Work item: Up to and including the line with "F4 Title Fight", please set down the entries below exactly, starting from the first line.

════

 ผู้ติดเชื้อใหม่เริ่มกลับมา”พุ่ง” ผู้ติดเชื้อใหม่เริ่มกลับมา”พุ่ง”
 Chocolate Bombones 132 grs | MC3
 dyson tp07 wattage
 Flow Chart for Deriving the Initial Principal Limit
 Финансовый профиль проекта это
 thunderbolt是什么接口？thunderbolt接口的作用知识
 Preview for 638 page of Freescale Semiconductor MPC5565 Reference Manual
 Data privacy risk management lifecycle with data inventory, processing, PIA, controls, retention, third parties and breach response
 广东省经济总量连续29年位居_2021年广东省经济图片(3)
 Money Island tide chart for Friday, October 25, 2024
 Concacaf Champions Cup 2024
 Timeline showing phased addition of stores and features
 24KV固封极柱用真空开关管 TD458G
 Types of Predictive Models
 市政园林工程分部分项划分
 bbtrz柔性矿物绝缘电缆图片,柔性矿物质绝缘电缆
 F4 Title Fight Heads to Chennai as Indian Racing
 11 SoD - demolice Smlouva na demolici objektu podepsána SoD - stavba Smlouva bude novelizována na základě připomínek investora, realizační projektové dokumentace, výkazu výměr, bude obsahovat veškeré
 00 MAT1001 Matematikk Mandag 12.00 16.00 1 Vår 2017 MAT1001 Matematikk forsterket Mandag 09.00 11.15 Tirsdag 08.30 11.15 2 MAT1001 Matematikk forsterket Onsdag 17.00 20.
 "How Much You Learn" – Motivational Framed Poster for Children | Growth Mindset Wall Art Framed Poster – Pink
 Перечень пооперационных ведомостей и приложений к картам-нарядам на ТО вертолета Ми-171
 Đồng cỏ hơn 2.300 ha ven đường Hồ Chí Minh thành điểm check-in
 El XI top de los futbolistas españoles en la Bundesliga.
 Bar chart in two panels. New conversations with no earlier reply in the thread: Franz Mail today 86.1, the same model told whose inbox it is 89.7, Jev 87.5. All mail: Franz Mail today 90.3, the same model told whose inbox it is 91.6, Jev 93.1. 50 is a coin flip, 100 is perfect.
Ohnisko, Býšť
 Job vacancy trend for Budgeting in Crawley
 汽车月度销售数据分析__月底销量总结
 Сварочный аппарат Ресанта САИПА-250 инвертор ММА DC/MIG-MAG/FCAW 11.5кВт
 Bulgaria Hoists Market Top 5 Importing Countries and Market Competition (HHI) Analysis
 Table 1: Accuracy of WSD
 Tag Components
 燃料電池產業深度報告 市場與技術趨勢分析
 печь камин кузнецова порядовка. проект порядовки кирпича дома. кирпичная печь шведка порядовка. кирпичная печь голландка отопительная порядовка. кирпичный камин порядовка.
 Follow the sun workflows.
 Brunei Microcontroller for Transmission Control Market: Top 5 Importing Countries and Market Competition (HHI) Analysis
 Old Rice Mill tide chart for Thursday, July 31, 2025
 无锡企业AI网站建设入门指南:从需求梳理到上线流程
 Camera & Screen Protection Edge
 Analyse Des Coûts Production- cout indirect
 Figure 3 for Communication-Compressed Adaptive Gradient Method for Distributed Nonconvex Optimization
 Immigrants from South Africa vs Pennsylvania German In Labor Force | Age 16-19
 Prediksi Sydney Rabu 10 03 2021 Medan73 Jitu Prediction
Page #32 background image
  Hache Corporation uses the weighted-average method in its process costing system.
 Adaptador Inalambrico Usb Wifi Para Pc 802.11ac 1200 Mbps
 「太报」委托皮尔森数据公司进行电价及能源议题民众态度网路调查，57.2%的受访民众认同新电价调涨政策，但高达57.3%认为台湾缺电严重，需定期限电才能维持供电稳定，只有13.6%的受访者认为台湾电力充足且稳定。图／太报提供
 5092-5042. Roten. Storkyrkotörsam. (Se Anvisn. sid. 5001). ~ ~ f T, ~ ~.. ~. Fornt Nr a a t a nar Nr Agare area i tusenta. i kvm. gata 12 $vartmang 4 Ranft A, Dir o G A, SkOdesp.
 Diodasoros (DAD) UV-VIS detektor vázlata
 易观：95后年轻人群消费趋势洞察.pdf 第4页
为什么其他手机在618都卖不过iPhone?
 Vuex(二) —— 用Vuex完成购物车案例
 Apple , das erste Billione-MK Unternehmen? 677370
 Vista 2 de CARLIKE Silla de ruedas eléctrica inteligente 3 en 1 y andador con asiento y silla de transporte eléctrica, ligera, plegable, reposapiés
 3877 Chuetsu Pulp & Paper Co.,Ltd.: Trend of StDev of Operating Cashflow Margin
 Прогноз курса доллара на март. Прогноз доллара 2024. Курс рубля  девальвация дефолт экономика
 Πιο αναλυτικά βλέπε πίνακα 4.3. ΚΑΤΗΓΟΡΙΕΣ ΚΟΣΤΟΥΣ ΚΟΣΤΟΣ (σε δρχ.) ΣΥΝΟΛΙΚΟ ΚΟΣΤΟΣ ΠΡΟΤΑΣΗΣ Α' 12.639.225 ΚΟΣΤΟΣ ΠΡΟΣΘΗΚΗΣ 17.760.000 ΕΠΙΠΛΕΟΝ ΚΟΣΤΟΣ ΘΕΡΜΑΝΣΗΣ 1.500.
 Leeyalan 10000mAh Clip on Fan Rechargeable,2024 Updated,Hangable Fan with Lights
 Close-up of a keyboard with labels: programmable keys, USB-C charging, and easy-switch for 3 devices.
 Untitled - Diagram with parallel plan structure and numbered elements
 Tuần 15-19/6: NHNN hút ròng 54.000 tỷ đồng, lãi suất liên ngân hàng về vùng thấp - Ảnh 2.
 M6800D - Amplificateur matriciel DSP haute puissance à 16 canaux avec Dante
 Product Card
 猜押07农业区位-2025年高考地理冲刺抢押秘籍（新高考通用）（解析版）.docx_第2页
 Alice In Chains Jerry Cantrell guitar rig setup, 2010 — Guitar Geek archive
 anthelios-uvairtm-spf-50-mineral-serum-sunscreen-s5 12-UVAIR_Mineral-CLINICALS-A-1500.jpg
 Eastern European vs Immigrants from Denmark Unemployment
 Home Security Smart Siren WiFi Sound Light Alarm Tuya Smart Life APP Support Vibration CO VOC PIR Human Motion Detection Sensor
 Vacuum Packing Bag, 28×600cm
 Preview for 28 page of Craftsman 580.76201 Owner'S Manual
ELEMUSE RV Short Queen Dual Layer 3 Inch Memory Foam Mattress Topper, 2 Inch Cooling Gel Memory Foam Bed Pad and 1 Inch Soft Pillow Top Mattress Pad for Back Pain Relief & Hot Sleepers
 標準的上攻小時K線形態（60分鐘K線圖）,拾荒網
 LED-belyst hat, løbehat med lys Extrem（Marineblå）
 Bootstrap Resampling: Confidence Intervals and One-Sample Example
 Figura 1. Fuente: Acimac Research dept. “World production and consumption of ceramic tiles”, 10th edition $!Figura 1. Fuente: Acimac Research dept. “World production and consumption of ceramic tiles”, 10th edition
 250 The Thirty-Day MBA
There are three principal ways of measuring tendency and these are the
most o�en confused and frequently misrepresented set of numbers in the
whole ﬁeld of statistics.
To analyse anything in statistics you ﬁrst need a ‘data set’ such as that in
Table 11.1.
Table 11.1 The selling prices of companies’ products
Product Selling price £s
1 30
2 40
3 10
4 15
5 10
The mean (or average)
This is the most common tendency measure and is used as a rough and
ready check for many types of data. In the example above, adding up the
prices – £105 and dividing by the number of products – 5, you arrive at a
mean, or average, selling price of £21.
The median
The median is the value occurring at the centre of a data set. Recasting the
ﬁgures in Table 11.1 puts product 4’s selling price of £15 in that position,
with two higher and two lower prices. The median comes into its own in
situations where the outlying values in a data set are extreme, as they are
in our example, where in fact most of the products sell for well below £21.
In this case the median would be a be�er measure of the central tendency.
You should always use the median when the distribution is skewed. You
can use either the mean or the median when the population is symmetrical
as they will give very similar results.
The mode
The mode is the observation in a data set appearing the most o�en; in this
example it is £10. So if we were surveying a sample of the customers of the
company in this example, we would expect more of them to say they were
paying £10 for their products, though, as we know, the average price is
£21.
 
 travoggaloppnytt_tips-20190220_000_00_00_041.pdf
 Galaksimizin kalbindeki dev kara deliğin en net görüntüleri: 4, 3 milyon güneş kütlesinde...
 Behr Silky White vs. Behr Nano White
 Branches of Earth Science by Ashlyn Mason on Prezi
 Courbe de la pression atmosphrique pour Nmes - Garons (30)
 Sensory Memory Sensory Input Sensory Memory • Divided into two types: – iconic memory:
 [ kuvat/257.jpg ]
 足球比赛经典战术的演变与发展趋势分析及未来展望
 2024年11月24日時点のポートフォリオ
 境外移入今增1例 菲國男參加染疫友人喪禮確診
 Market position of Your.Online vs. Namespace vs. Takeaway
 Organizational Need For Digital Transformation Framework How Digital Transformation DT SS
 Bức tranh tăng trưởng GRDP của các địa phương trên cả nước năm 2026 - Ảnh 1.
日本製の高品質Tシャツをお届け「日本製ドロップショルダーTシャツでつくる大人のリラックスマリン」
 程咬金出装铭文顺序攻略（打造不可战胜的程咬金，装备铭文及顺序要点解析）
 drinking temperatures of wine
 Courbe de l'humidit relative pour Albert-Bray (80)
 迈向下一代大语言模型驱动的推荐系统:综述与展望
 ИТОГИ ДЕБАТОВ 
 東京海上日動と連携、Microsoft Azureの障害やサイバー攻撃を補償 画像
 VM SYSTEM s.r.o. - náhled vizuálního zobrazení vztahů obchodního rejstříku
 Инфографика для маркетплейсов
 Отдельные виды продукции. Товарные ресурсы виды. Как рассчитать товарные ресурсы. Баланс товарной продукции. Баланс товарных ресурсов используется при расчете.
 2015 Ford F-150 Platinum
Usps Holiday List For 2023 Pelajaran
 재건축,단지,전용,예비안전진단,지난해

════

Response to the exercise:
 ผู้ติดเชื้อใหม่เริ่มกลับมา”พุ่ง” ผู้ติดเชื้อใหม่เริ่มกลับมา”พุ่ง”
 Chocolate Bombones 132 grs | MC3
 dyson tp07 wattage
 Flow Chart for Deriving the Initial Principal Limit
 Финансовый профиль проекта это
 thunderbolt是什么接口？thunderbolt接口的作用知识
 Preview for 638 page of Freescale Semiconductor MPC5565 Reference Manual
 Data privacy risk management lifecycle with data inventory, processing, PIA, controls, retention, third parties and breach response
 广东省经济总量连续29年位居_2021年广东省经济图片(3)
 Money Island tide chart for Friday, October 25, 2024
 Concacaf Champions Cup 2024
 Timeline showing phased addition of stores and features
 24KV固封极柱用真空开关管 TD458G
 Types of Predictive Models
 市政园林工程分部分项划分
 bbtrz柔性矿物绝缘电缆图片,柔性矿物质绝缘电缆
 F4 Title Fight Heads to Chennai as Indian Racing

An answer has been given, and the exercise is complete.